Since Congress passed the Endangered Species Act or ESA in 1973, 1,678 species in the United States have been listed as threatened or endangered with 105 of those, like the Aplomado Falcon, currently receiving protection in Texas.

The ESA, which is administered thru the Interior Department’s U.S. Fish and Wildlife Service, provides special provisions that protect critical habitats of species at risk while also prohibiting harm to them.

While not only safeguarding threatened wildlife on federal lands, the U.S. Fish and Wildlife Service also works with private landowners in South Texas, like rancher Frank Yturria who created a vital ocelot preserve on family property.

The Endangered Species Act has been extremely successful in saving 99% of species under its protection from extinction, and 55 species have recovered sufficiently to be delisted and taken off the endangered species list.

Perhaps, the most notable success is the restoration of America’s National Bird the Bald Eagle which was delisted in 2007. Since then, the remarkable recovery of the Brown Pelican was achieved in 2009, and the Peregrine Falcon was delisted in 1999 thanks in great part to the banning of the harmful pesticide DDT.

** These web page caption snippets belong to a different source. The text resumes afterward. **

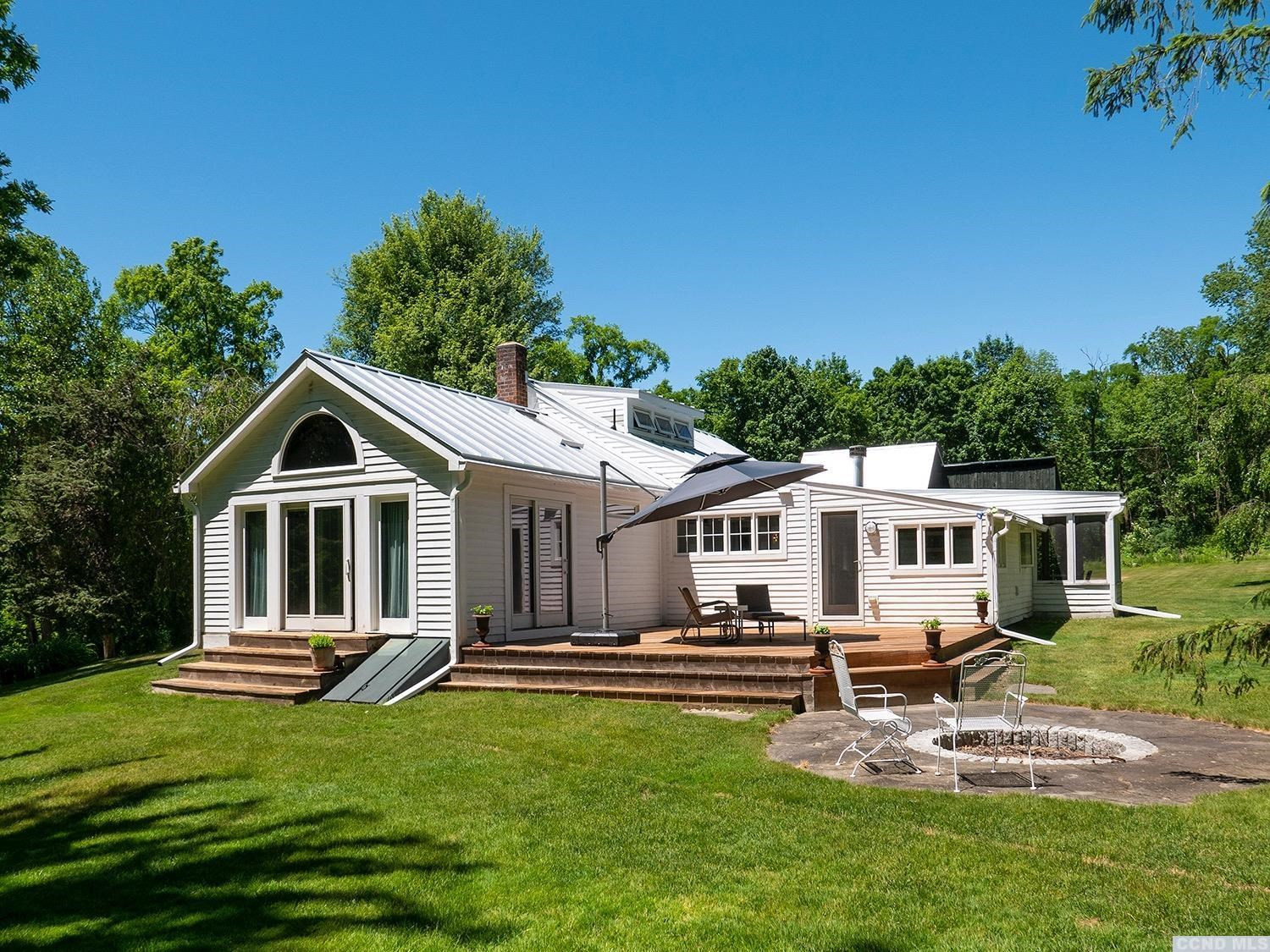 120 Schroeder Road Claverack, NY 12534 - Photo 2 of 16 Photo 2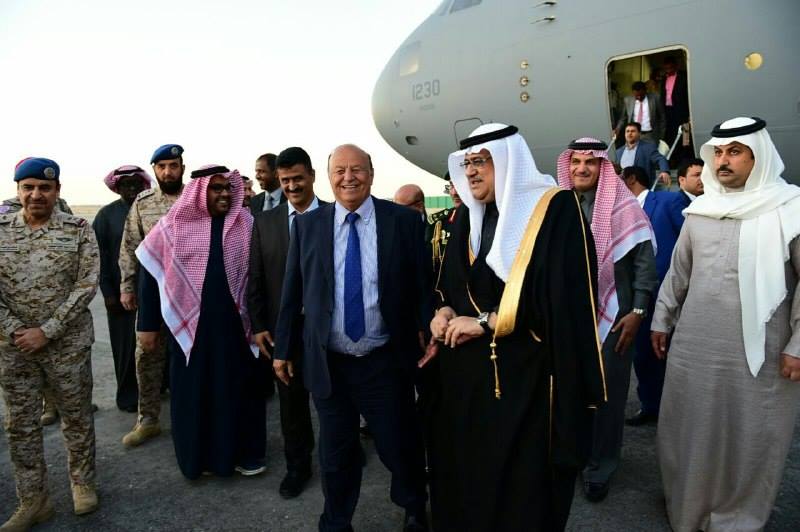 الرئيس هادي يصل إلى العاصمة السعودية الرياض قادما من سقطرى (صورة)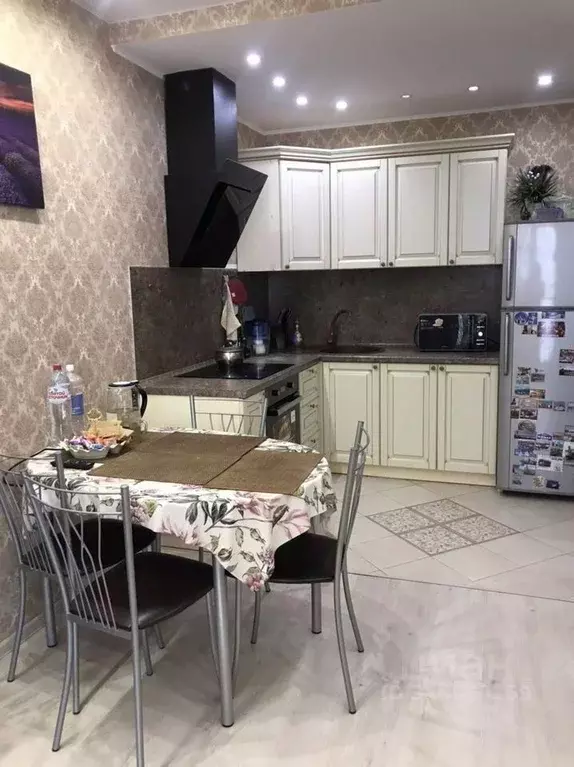 1-к кв. Татарстан, Казань ул. Рауиса Гареева, 107 (44.0 м) - Фото 1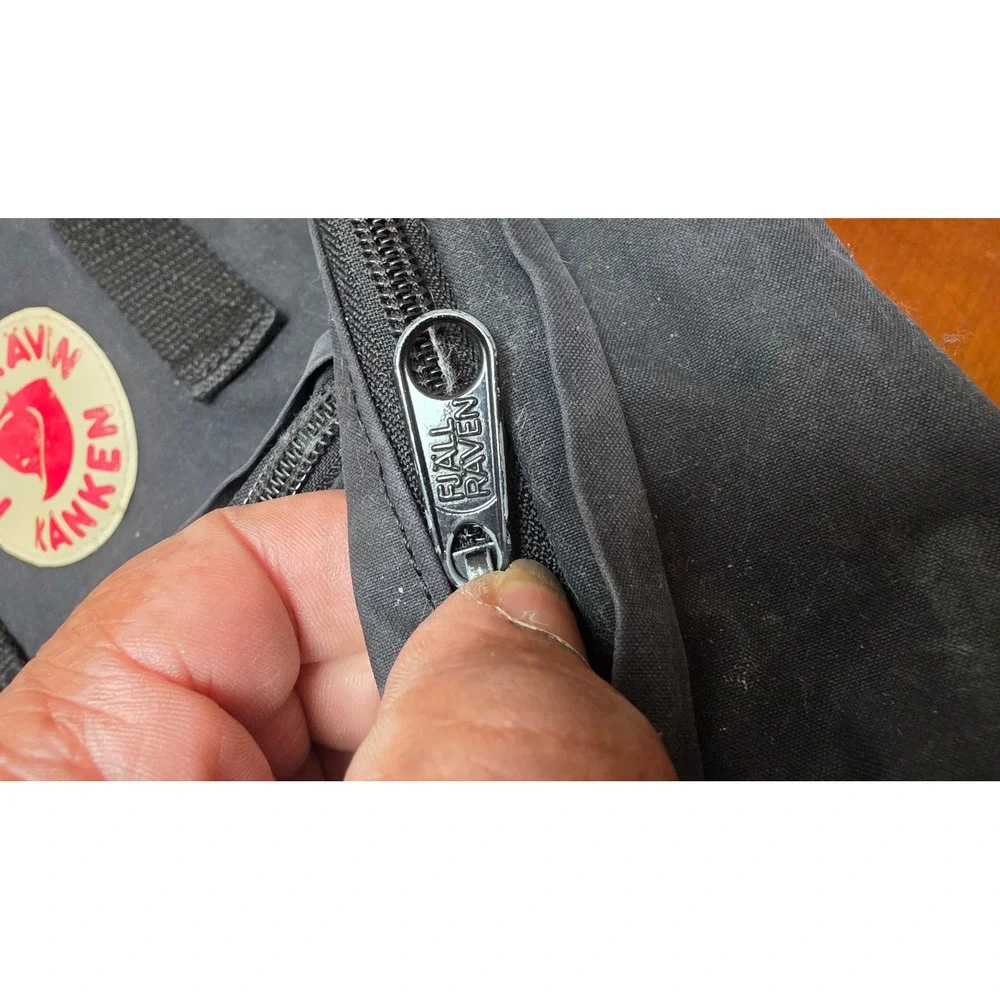 Fjallraven Kanken Backpack Unisex Black 23510 Classic School Bag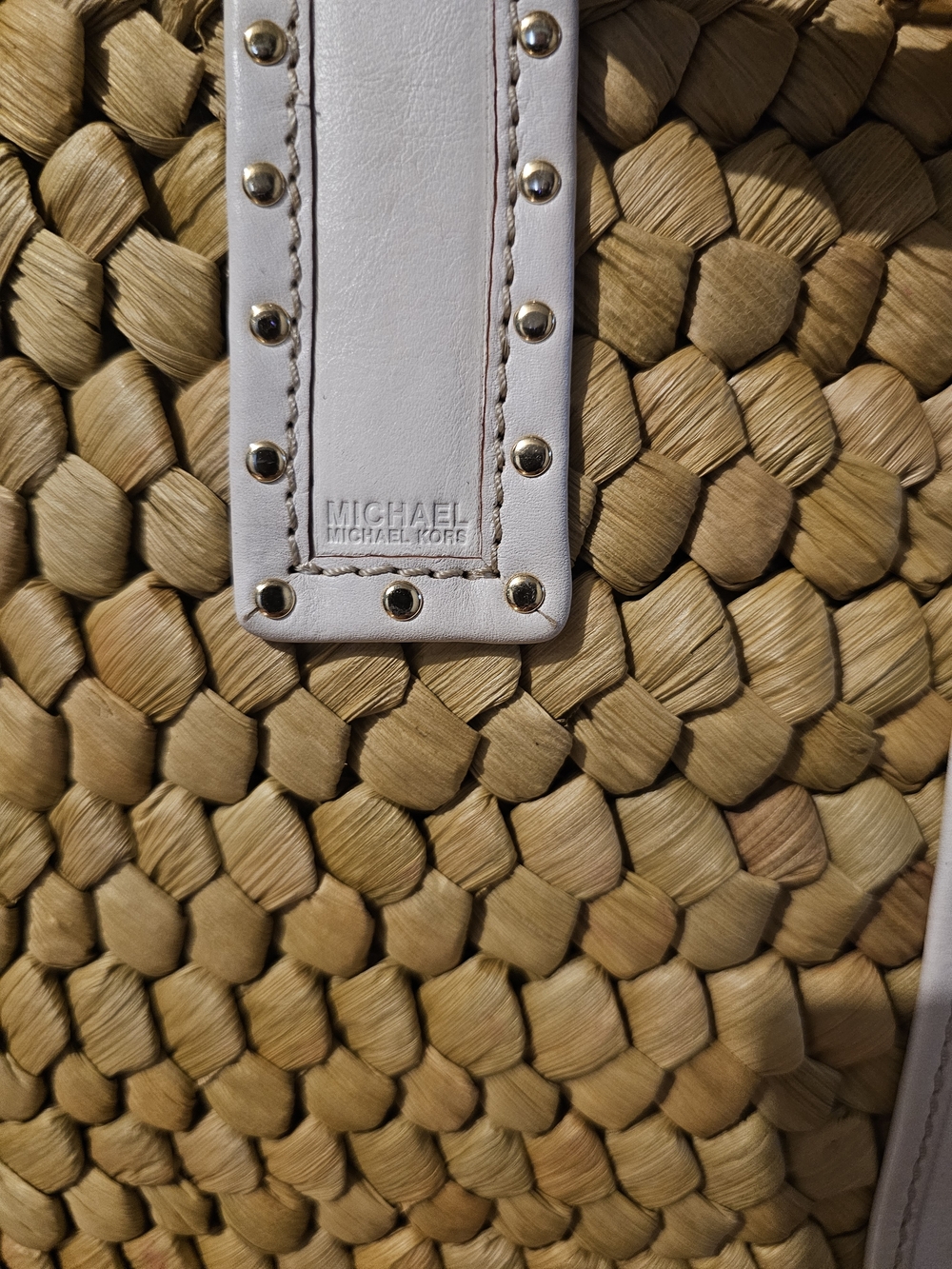Michael Kors XL Woven Santorini Beach Bag with White Trim - Picture 5 of 13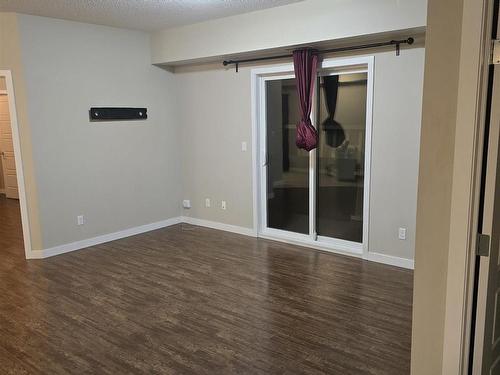 202 13835 155 Avenue, Edmonton, AB - Indoor Photo Showing Other Room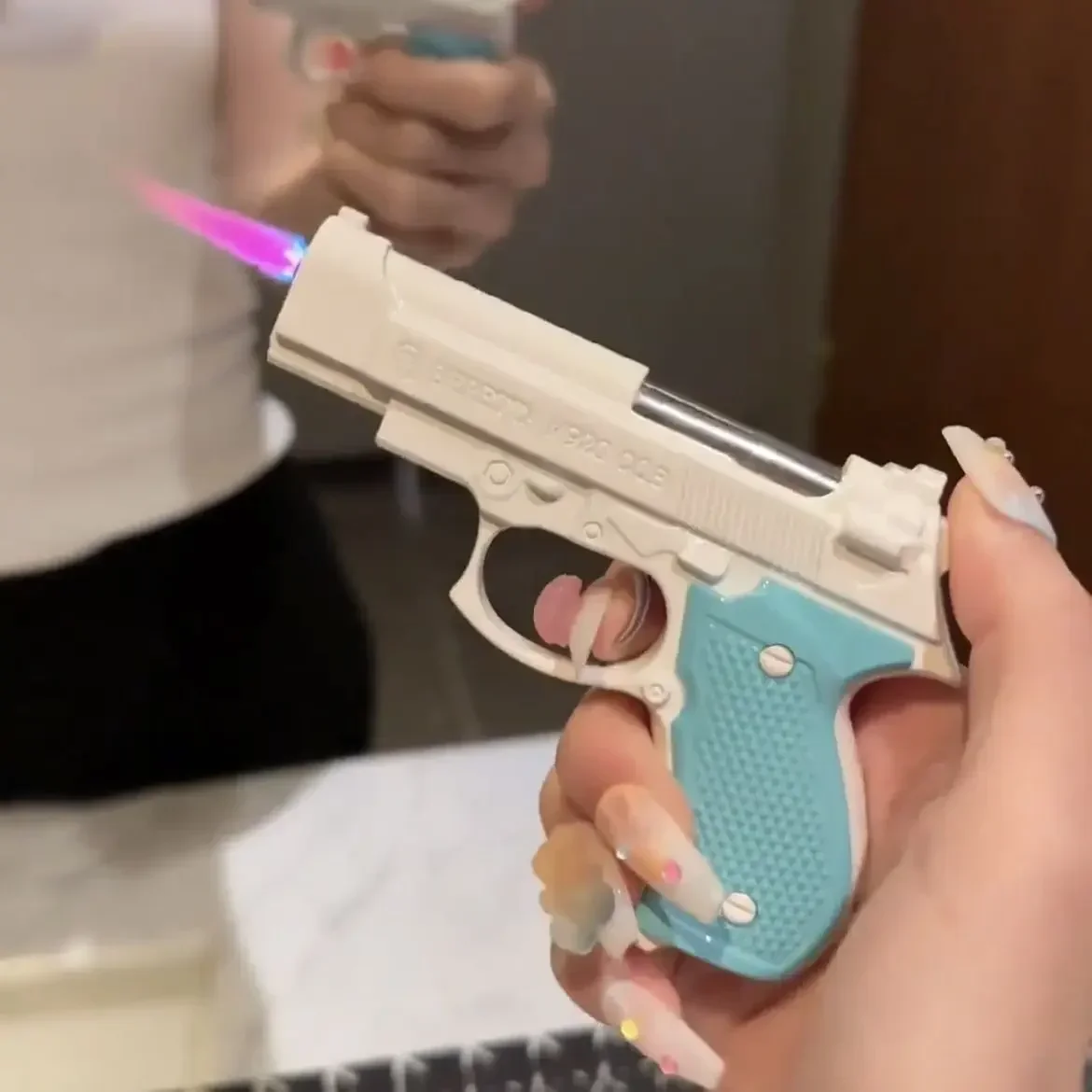 New Windproof Portable Inflatable Lighter Spray Wind Color Flame Gun Torch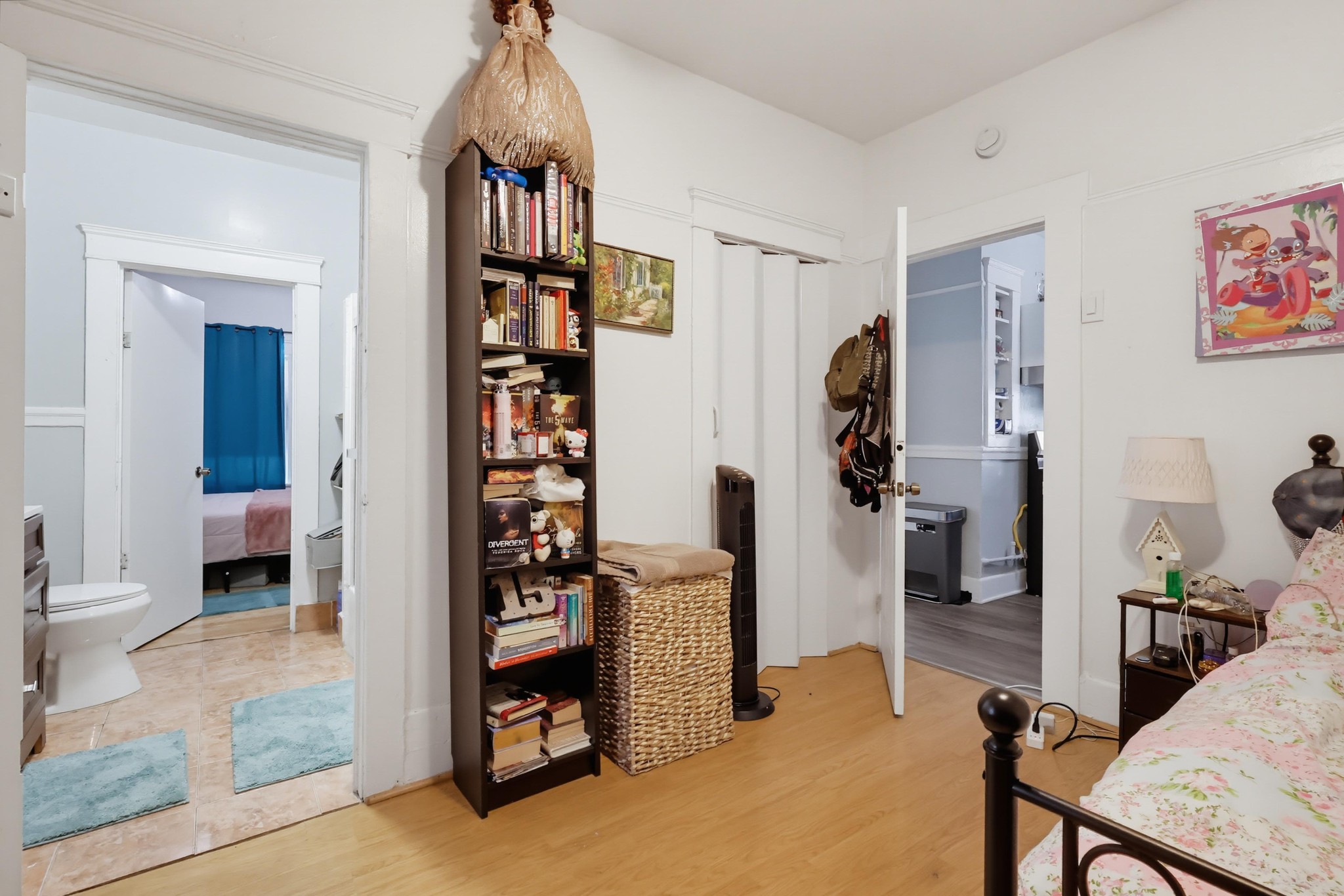 Virtual tour photo 32 of 73 for 1007 E 42nd Pl.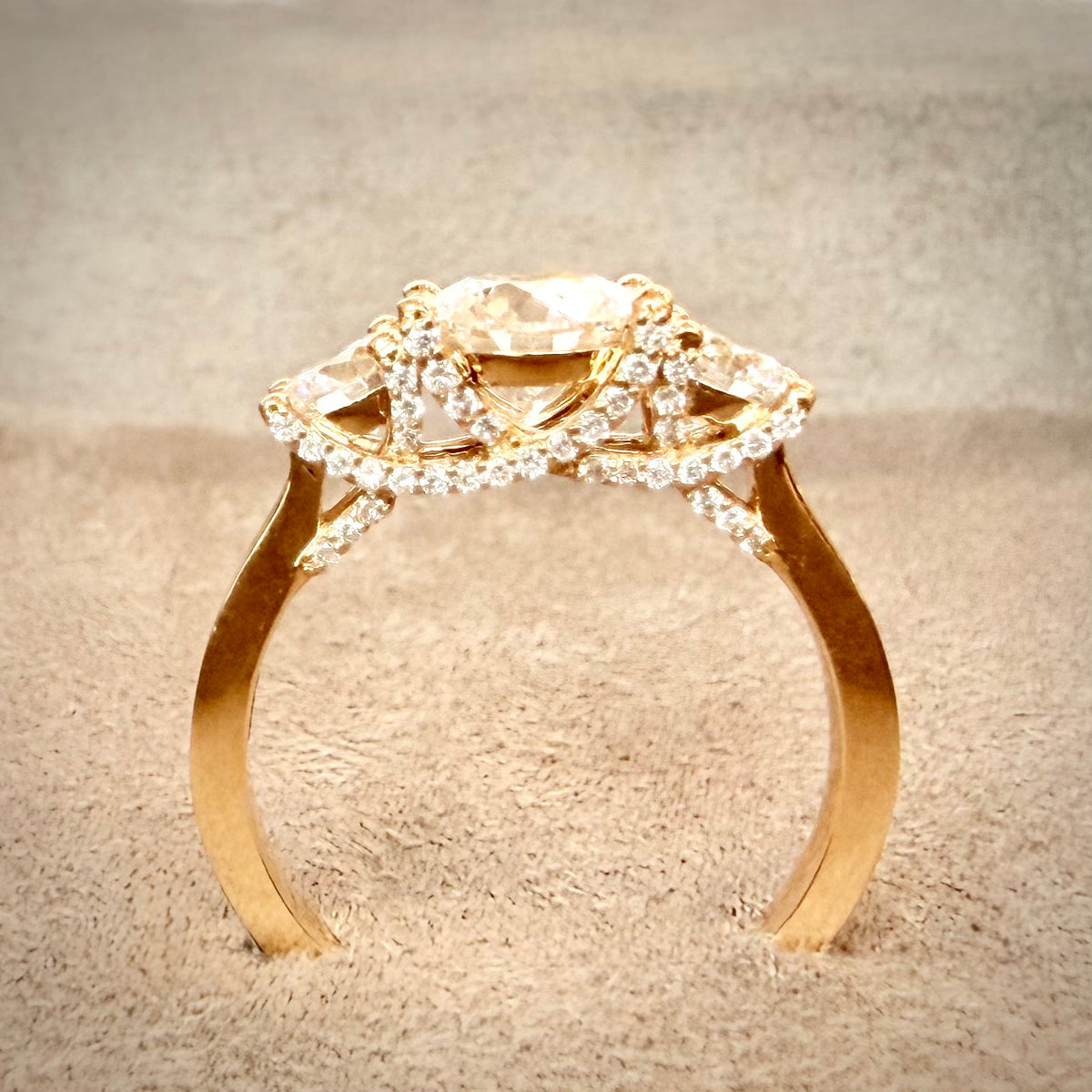 VK Signature Collection – Trilogy-timanttisormus 1,77 ct – 14K keltakulta sivulta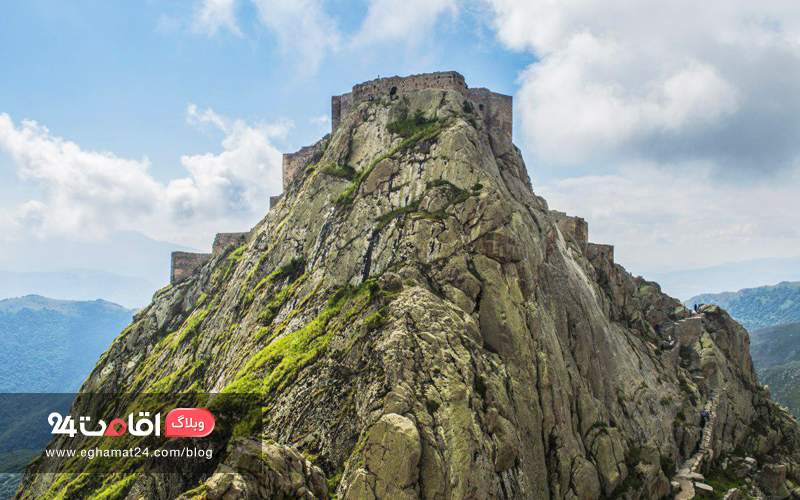 قلعه بابک بر قله کوه
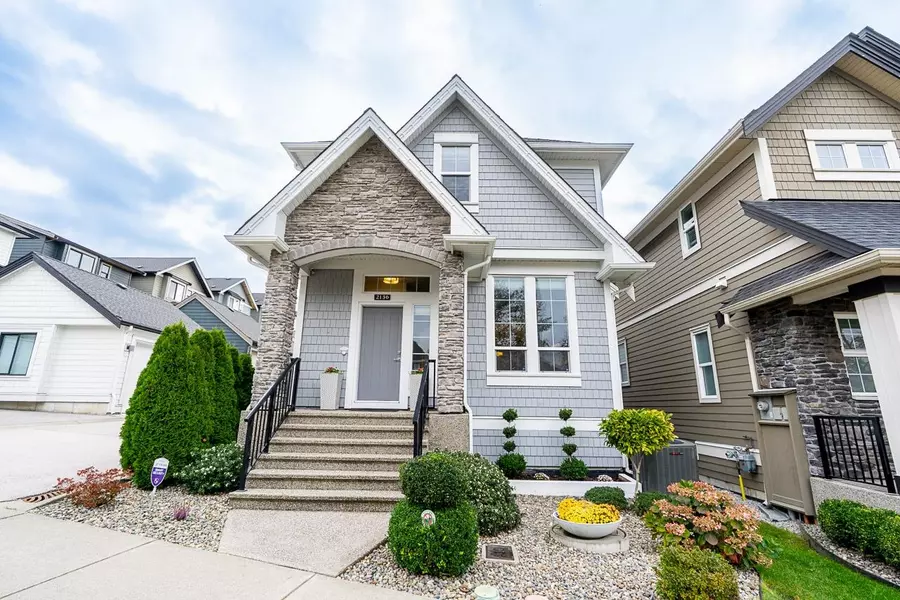 2136 164a ST, Surrey, BC V3Z 0V5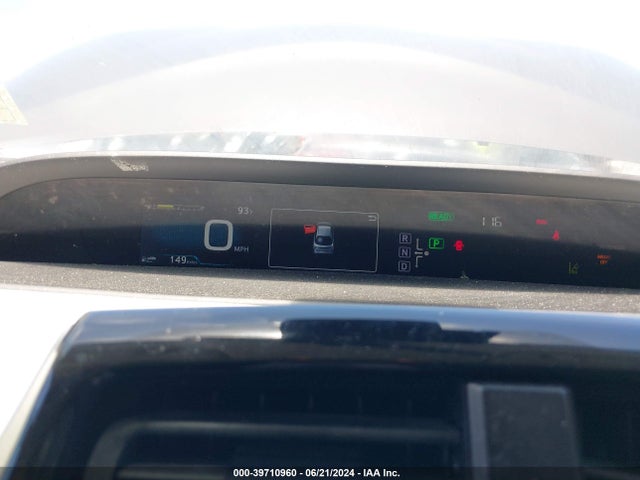 JTDKARFU5H3033414 Toyota Prius Three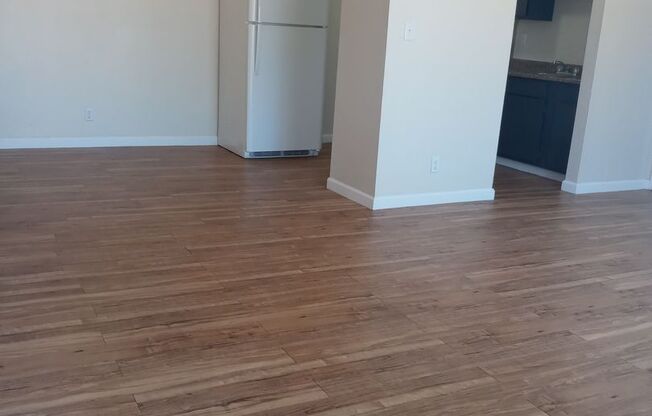 1 bed, 1 bath, 620 sqft, $1,300, Unit 3220 Q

And, just this month, the Wood Stork, which migrates through the Rio Grande Valley, has been proposed for delisting.

These prehistoric-looking birds, with long legs and baldheads, were first listed as endangered in 1984 after their numbers declined by 75 percent.

Thanks to wetland restoration efforts and enhanced protection, they now nest throughout the coastal plains of Florida, Georgia, and the Carolinas, and their numbers have swelled to 11,000 nesting pairs.